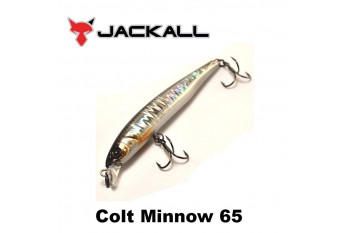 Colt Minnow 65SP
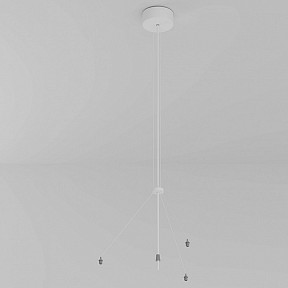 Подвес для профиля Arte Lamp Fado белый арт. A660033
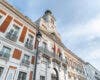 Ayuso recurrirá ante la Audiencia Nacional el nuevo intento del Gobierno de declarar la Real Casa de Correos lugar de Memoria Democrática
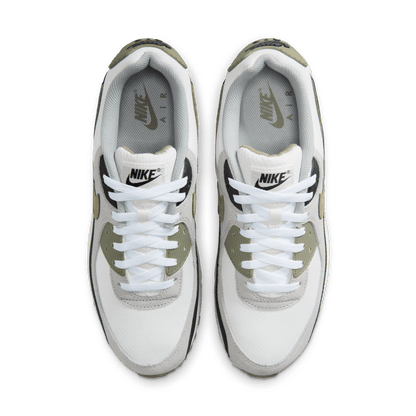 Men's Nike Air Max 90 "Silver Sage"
--
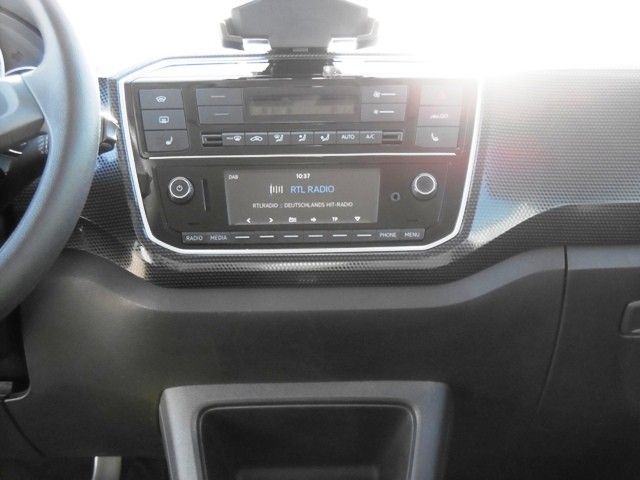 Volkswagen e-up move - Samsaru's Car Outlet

PROBLEM STATEMENT: Among the entries above, locate the line with "Ayuso recurrirá ante" and the line with "Men's Nike Air". Give those two lines and all lines between them again, exactly, leaving out the pictures.

OUTPUT OF THE EXERCISE:
 Ayuso recurrirá ante la Audiencia Nacional el nuevo intento del Gobierno de declarar la Real Casa de Correos lugar de Memoria Democrática
 Men's Nike Air Max 90 "Silver Sage"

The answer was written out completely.